The Airwave network is used exclusively by emergency services for communications in the field. It is encrypted and secure and its exclusivity avoids possible congestion issues that can present themselves on commercial networks.
The network was established in 2000 by BT before being acquired by Motorola for £817m in 2015. But in 2014, the UK decided to replace the network entirely with the ESN, which is 4G capable – allowing for more complex data operations to be transmitted by emergency services.
While the ESN was supposed to come online by 2019, replacing Airwave, it has been beset by delays costing taxpayers nearly a £500m a year in additional funds.
With concerns that the delay could leave the UK’s emergency services with a “potentially catastrophic” six-month gap without their own communications system, the Government was forced to extend Motorola’s contract for operating the Airwave network up to 2022.
Now the Competition and Markets Authority (CMA) is looking into whether it should investigate Motorola’s position and incentives to deliver the ESN, given the continuing high profitability of the Airwave network.
It said it is particularly concerned that Motorola could stand to make excess profits of about £1.2bn in the period from 2020 to 2026 – a cost which will ultimately fall to the British taxpayer.
Furthermore, the CMA’s initial review of the evidence available indicates that the supply of the Airwave network in Great Britain “is not working well, resulting in significant detriment to customers and the taxpayer”.
Andrea Coscelli, chief executive of the CMA, said: “At the moment, Motorola is the only provider of critical mobile radio network services used by our emergency service workers and is involved in both the current and future set-up. We’re worried that the company could be cashing in on its position, while taxpayers are left to foot the bill.
“The CMA is minded to launch a market investigation to dig deeper into its concerns and will now consult with a range of stakeholders, including the Government, on its plans.”
The initial contract with Motorola for ESN was originally signed partly on the expectation that the Airwave network would be shut down by 2019.
The CMA will decide on whether to launch a full investigation in September.

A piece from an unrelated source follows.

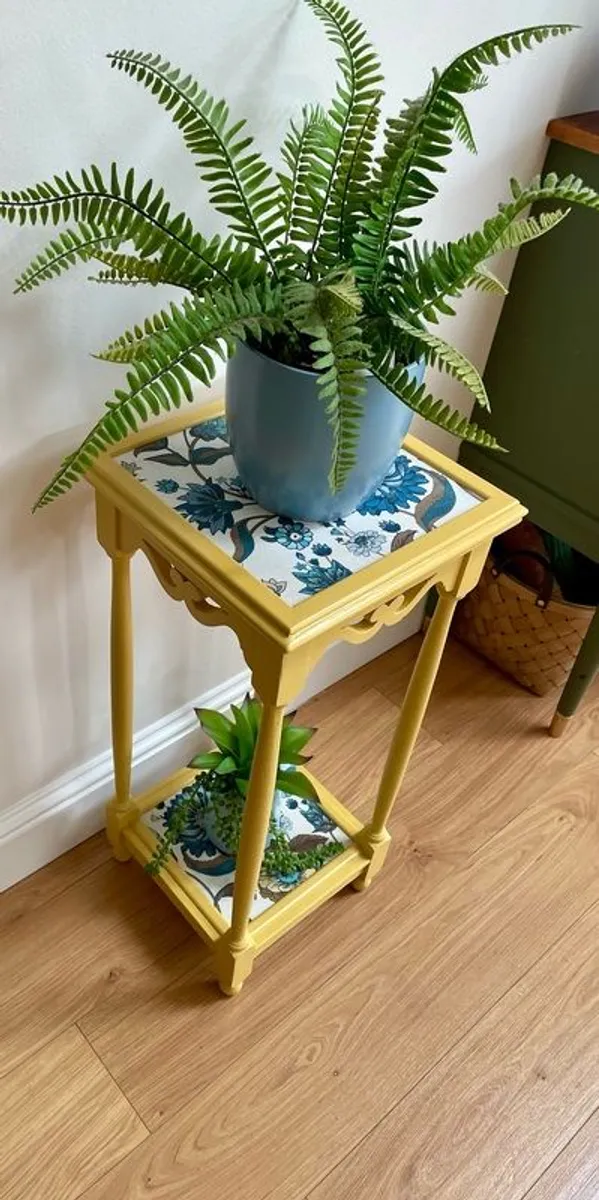 side table/plant stand - Image 3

A Motorola Solutions spokesperson said: “We are aware that the UK Competition and Markets Authority is consulting on whether to launch a market investigation into the Airwave network.
“As a trusted technology partner to the UK market for more than 50 years, Motorola Solutions remains committed to working with the Home Office to deliver mission-critical communications. This includes the Airwave network that UK emergency services rely upon every day, and the safe transition to next-generation technologies (Emergency Services Network).”